What is a micro unit apartment?
Usually smaller than a studio apartment and averaging between 200 and 400 square feet, micro apartments or micro units are popping up in major cities all over the country. Typically designed as an open-living concept with high ceilings and big windows to create the illusion of more space, they’re a great fit for single residents, as opposed to families or people with roommates. Most are usually designed with efficient furniture, such as Murphy beds and kitchenettes, too.
However, some micro-apartment buildings offer a mix of private rooms and communal spaces, such as bathrooms, large rooftops or lounge rooms. The location of micro apartments, high-end amenities and community features tend to balance out the lack of space for most people who choose micro-living.
What to look for in a micro apartment
When looking for your perfect micro apartment there are some key amenities you should look for before signing a lease.
Architecture and design
The architecture of the building can have an effect on the micro-apartment design. Try to look for micro apartments that have been built with tall ceilings, large windows, balconies or decks because these features will amplify the space. You should also look for space-saving furniture that can serve dual purposes. Here are some examples of how to best design your space.
- Murphy beds: These beds allow you to put your bed away while you’re not using it to clear up some space in the living area. In some cases, Murphy beds have dual functions, such as turning into a desk or storage space. This type of dual-purpose furniture clear up more space in a tiny apartment.
- Loft beds: Using a loft bed is a great way to create extra space in your micro- apartment design. Since your bed is out of the way, you can use the space below for an office, a TV room or anything your mind can dream up.
- Lounge chairs or bean bags: Instead of a large couch that takes up most of your space, consider a nice recliner, beanbag or nest chair to decorate your living room.
- Bar area: Use your kitchen bar area and bar stools instead of a large dining room table. This can help save space while still allowing you to have a dining area in your home.
Common areas and community spaces
Whether they be rooftop patios, gardens, lobbies or club rooms, communal spaces are key elements of many micro-apartment buildings. Since the apartment itself is smaller, these areas offer a great space to work or relax outside of your small space. When looking at a prospective apartment, check out these features offered and make sure they work for you.
Another thing to keep in mind is the community within the micro-apartment complex. The shared space gives micro living a communal feel. This can be very appealing for young residents who are new to the area as a way to meet people and make friends.
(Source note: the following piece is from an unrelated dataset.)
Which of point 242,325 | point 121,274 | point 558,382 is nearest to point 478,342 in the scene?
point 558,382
However, since you could be sharing areas, such as rooftops, kitchens and even bathrooms, in some cases, it might be a good idea to make sure you vet the people with whom you’ll be sharing your space.
Pros and cons of micro-apartment living
Here are some pros and cons to think about before renting a micro apartment.
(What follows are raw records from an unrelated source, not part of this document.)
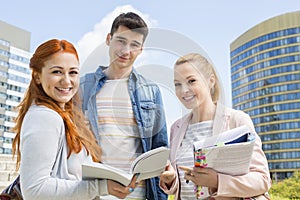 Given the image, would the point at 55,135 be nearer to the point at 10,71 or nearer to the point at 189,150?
the point at 189,150

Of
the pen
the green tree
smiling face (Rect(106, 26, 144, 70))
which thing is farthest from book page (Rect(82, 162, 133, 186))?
the green tree

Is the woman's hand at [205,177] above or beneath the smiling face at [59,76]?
beneath

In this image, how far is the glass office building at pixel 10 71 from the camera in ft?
63.1

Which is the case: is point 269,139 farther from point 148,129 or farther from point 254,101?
point 148,129

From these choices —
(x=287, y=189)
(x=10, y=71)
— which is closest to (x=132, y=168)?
(x=287, y=189)

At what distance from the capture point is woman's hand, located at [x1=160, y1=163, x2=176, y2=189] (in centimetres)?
87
- Saving money: Micro apartments are a way to live in a big city and save money as they typically cost less than a studio apartment. Since they’re a small space, you won’t need to spend a lot of money on furniture, either.
- Location: Micro units can often be found in the heart of the city, offering breathtaking views and convenience. Being close to restaurants, parks and museums is what makes giving up space worth it for so many people. Also, you can live, work and play within the same area and won’t need to spend a lot of extra money on travel and commuting expenses.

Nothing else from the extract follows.